This blog lists several YouTube channels that can help you get started with llms, generative AI, prompt engineering, and more.
Large language models, like GPT-3.5, have revolutionized the field of natural language processing. These models, trained on massive datasets, can generate coherent and contextually relevant text, making them invaluable across numerous applications.
These YouTube videos will help you learn large language models
Learning about them has become increasingly important in today’s rapidly evolving technological landscape. These models are at the forefront of advancements in artificial intelligence and natural language processing. Understanding their capabilities and limitations empowers individuals and professionals across various fields.
Top YouTube channels to learn large language models
Want to delve deeper into large language models?
Databricks
From the basics of foundation models to fundamental concepts, you can find a ton of useful tutorials and talks that can help you get started with LLMS. Learn about fine-tuning, deployment, and other related concepts with this channel.
Link to channel
Data Science Dojo
Want to get started with the basics of large language model basics? Want to fine-tune your LLM application? Want to build your own ChatGPT? If so, then hop on to this channel now because it covers a number of tutorials, master classes, and free crash courses pertaining to large language models.
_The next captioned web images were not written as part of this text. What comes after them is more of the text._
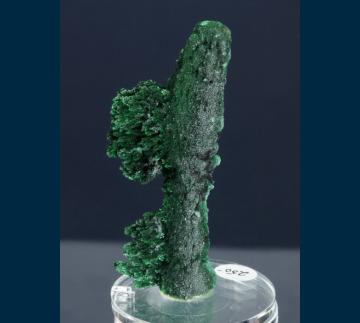 CMS286 Malachite from Shaba Cu belt, Katanga (Shaba) Province, Democratic Republic of Congo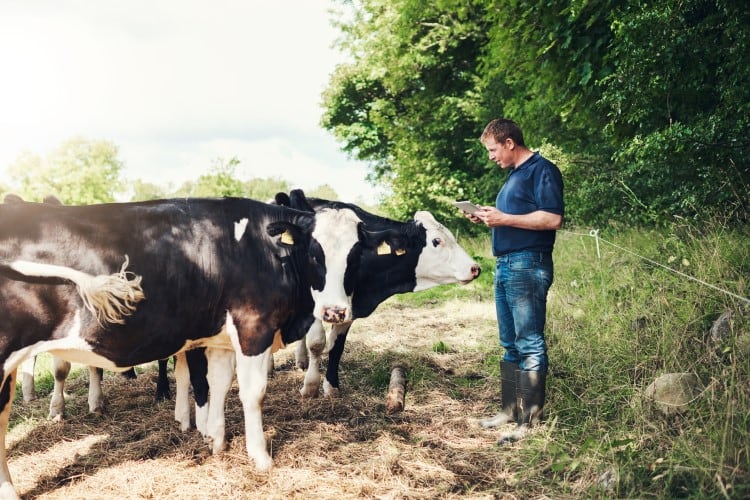 UK’s dairy export program ‘welcome’ but ag industry calls for joined-up approach from government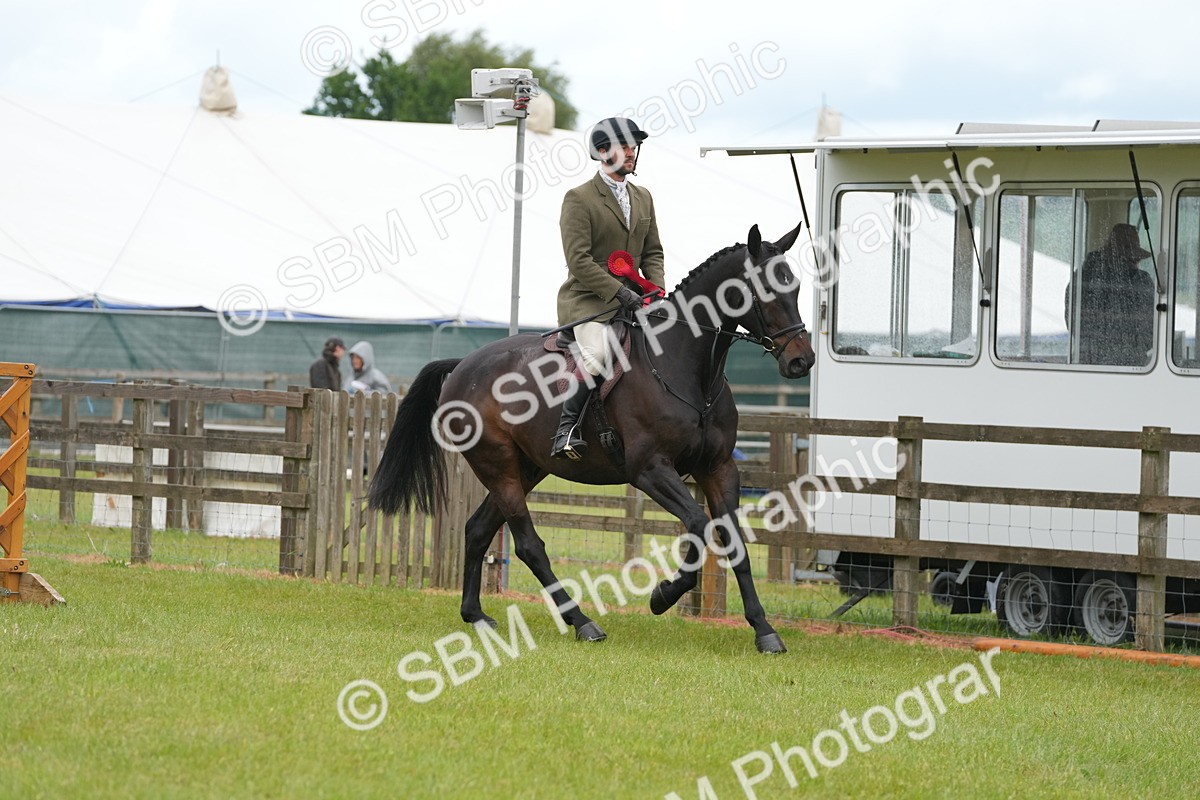 SBM_12834 - Class 97-98 - LIHS BSHA Rising Star Working Show Horse Hunter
Learn about Llama Index, LangChain, Redis, Retrieval Augmented Generation, AI observability, and more with this channel. Subscribe now and start learning.
Link to channel
AssemblyAI
Learn about Llama index, vector databases and LangChain, explore how to build your own coding assistant with ChatGPT, and apply large language models to audio data with AssemblyAI. This channel offers plentiful learning tutorials within the domain of large language models.
Link to channel
FreeCodeCamp
FreeCodeCamp offers a wide range of tutorials, including how to build large language models with Python, prompt engineering for web developers, a LangChain course, and more. This channel can help you to get started with the basics.
Link to channel
Mathew Berman
From artificial intelligence to generative art, this channel sheds light on several significant areas including AI art, ChatGPT, large language Models, machine learning, technology, and coding. Subscribe now and start learning.
Link to channel
IBM Technology
This channel includes several talks and tutorials pertaining to machine learning and generative AI. From useful tutorials like building a Chabot with AI to insightful talks like the rise of generative AI, this channel can help you navigate your learning path.
Link to channel
Yannic Kilcher
Talks to short tutorials, this channel offers a number of resources to learn about large language models, llama 2, ReST for language modeling, retentive networks, and more that can assist you in building your LLM knowledge base.
Link to channel
Nicholas Renotte
Nicholas shares practical ways to get started with data science, machine learning, and deep learning using a bunch of different tools but mainly Python and Javascript. The channel includes many useful talks like breaking down the generative AI stack, building an AutoGPT, and using Llama 2 70B to rebuild GPT Banker.
Link to channel
Eve on Tech
Eye on Tech focuses on the latest business technology and IT topics, including AI, DevOps, security, networking, cloud, storage, and more. This channel covers a number of useful talks like the introduction to foundation models, AI buzzwords, conversational AI versus generative AI, and more that can help you get started with the basics.
Link to channel
Start learning large language models today!
Large language models (LLMs) are a type of artificial intelligence (AI) model that can generate and understand text. They are trained on massive datasets of text and code, which allows them to learn the statistical relationships between words and phrases.
The field of LLMs is rapidly growing, and new models are being developed all the time. In recent years, there have been a number of breakthroughs in LLM technology, including:
- The development of new training algorithms that allow LLMs to be trained on much larger datasets than ever before.
- The development of new hardware architectures that can support the training and inference of LLMs more efficiently.
- The release of open-source LLM models, which has made LLMs more accessible to researchers and developers.
As a result of these advances, LLMs are becoming increasingly powerful and capable. By understanding LLMs, you can position yourself to take advantage of the opportunities that they create.